● **TASK OBJECTIVE**: When you write out the listing, keep every word as it stands and drop the pictures.

● **DATA**:
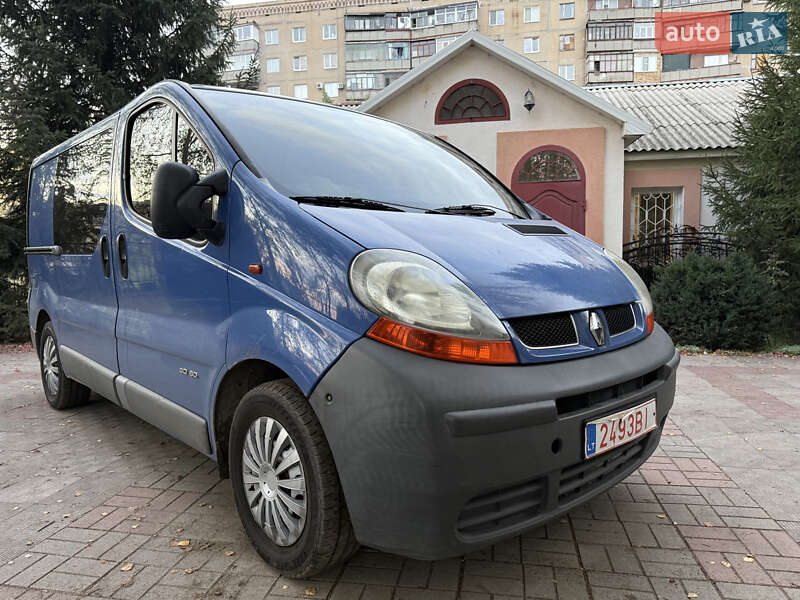 Минивэн Renault Trafic 2002 в Краматорске фото 2 Минивэн Renault Trafic 2002 в Краматорске
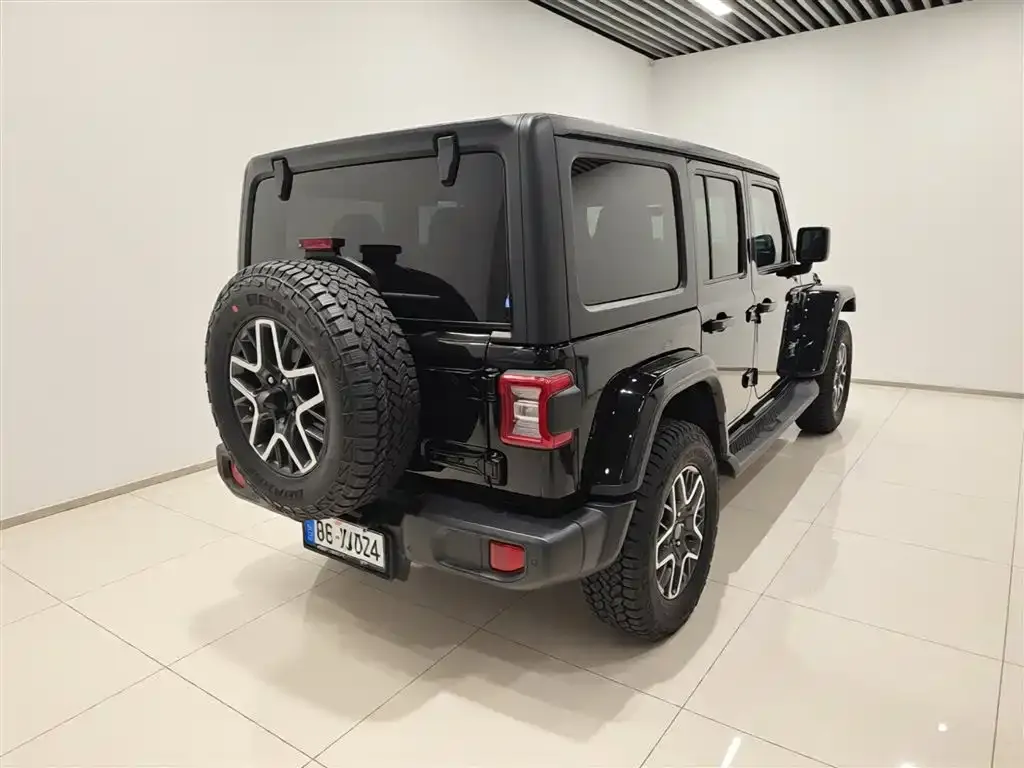 Jeep Wrangler — фото 9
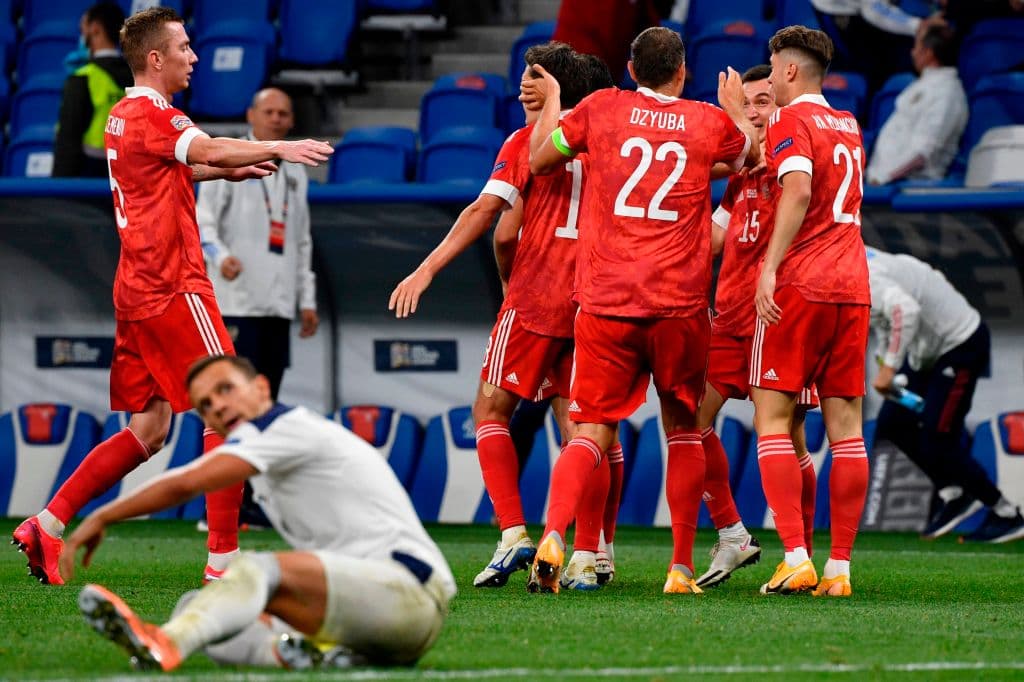 Rusia 3-1 Serbia | Dzyuba (48’) marcó de penal para adelantar a los locales y Karavayev (69’) creció la ventaja. Mitrovic (78’) acerca a Serbia, pero llegaría el doblete de Dzyuba (81’).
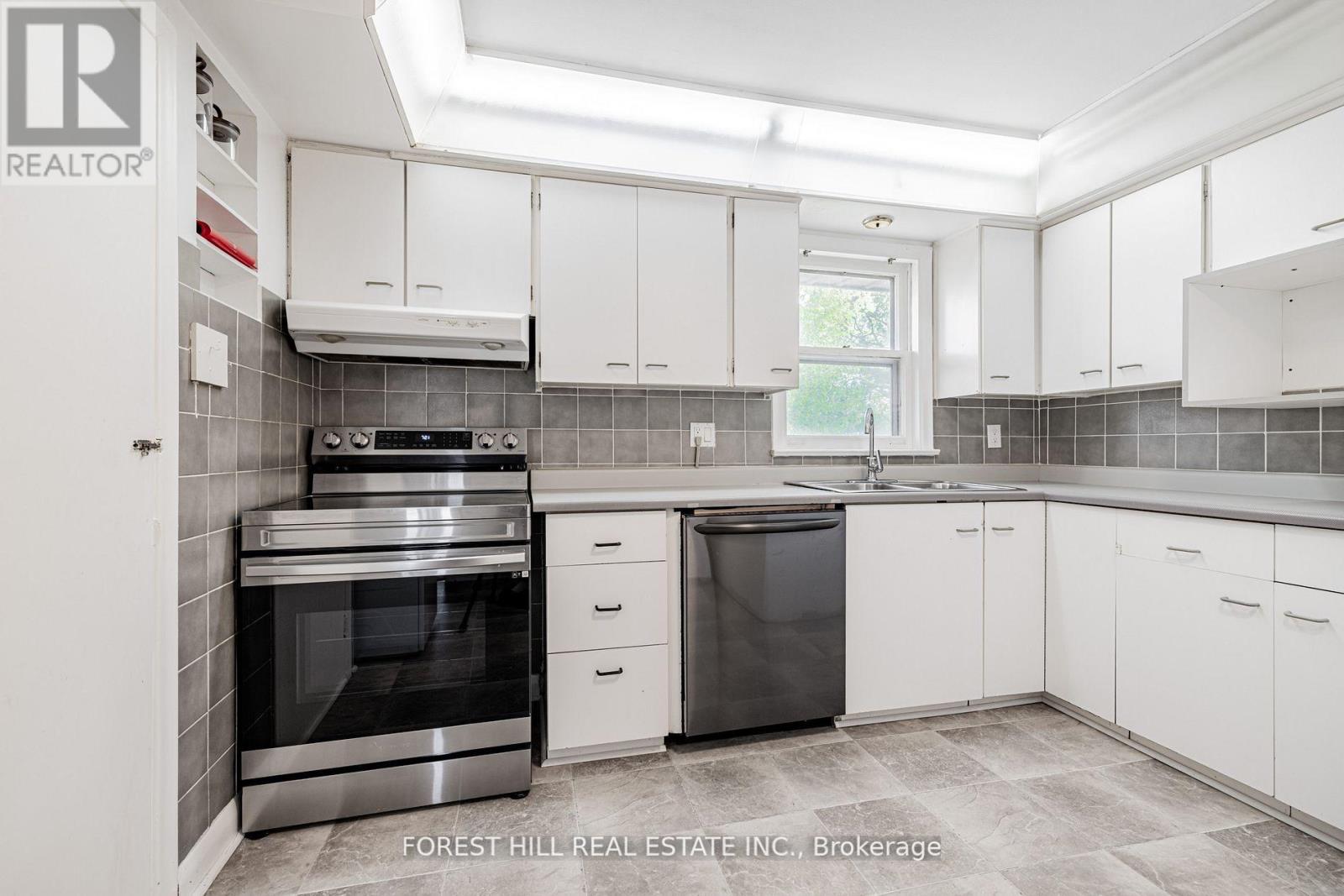 Photo 13 of Main 11 Greenbriar Road, Toronto ON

● **RESPONSE FOR THIS EXERCISE**:
 Минивэн Renault Trafic 2002 в Краматорске фото 2 Минивэн Renault Trafic 2002 в Краматорске
 Jeep Wrangler — фото 9
 Rusia 3-1 Serbia | Dzyuba (48’) marcó de penal para adelantar a los locales y Karavayev (69’) creció la ventaja. Mitrovic (78’) acerca a Serbia, pero llegaría el doblete de Dzyuba (81’).
 Photo 13 of Main 11 Greenbriar Road, Toronto ON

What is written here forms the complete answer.